Jackson Diehl compares the problems of the U.S. in Sadr City to the problems of Israel in Gaza:
For months now, Israel has been mired in an unwinnable war against Hamas and allied militias in Gaza, who fire missiles at civilians in Israel and then hide among their own women and children, ensuring that retaliatory fire will produce innocent victims for the Middle East's innumerable satellite television networks. A growing number of the militiamen have been to Iran for training, and some of the missiles they launch are Iranian-made. Their objective is obvious: to exhaust Israelis with an endless war of attrition while making it impossible for Israel's government to reach a political settlement with the more moderate Palestinian administration in the West Bank.The comparison is at one level reasonable (how do you deal with an enemy that melts into a civilian population) at at another level it's entirely specious. It also suggests that Diehl believes this is a new phenomenon, yet it echoes Israel's experiences with Hezbollah during its war with Lebanon.
Now U.S. forces have been drawn into a similar morass in Sadr City, the Shiite neighborhood of 2 million ruled by Moqtada al-Sadr's Mahdi Army. As Iranian-made rockets rain down on the Green Zone and nearby neighborhoods, U.S. forces attempt, so far in vain, to stop the fire by attacking Shiite militants from the ground and the air. Hundreds of people have been killed, filling the satellite airwaves and handing a new argument to the "this war is lost" lobby in Washington.

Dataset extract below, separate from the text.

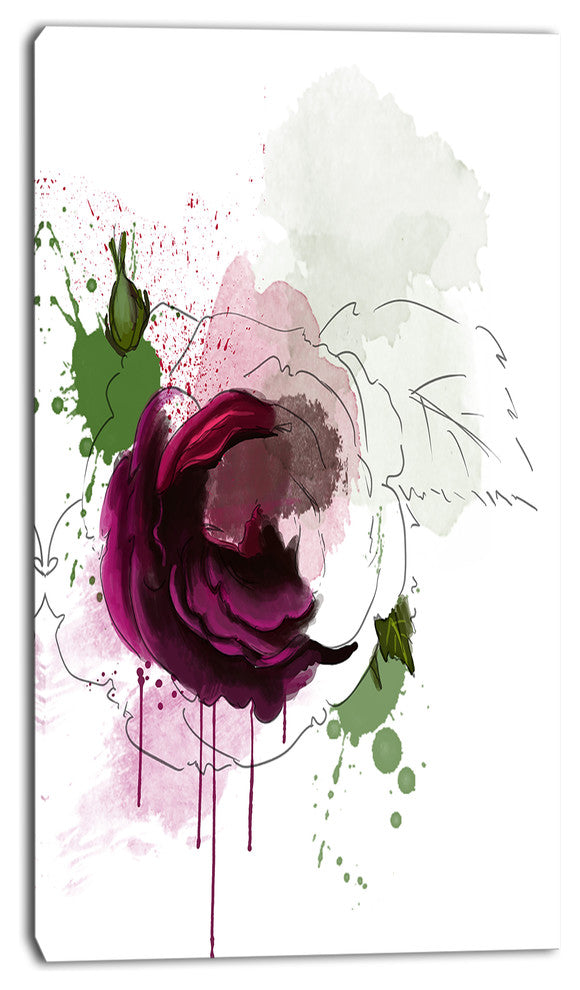 Purple Rose Sketch Watercolor, Floral Canvas Art Print, 16"x32"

So what part of Diehl's point is specious? His completely glossing over the goals of the militaries involved. Israel has given up any claim to Gaza. It has pulled out its settlers. It isn't trying to win hearts and minds, or create democracy. And it's in an ugly position - it knows that by the time its missiles strike the civilian neighborhoods where Hamas "militants" were launching rockets, the "militants" will almost certainly be gone. So they're striking civilian infrastructure (and perhaps civilians) because the alternatives are to either do nothing or send in ground forces, either of which probably worsens things for Israel and the latter of which generally kills and injures even greater numbers of civilians.
If the U.S. is following that model in an area where it is trying to win hearts and minds, and create democracy, it's foolish. Incompetent. But Diehl's piece seems largely designed to beat the war drums against Iran, so perhaps he's into foolish, incompetent military strategies.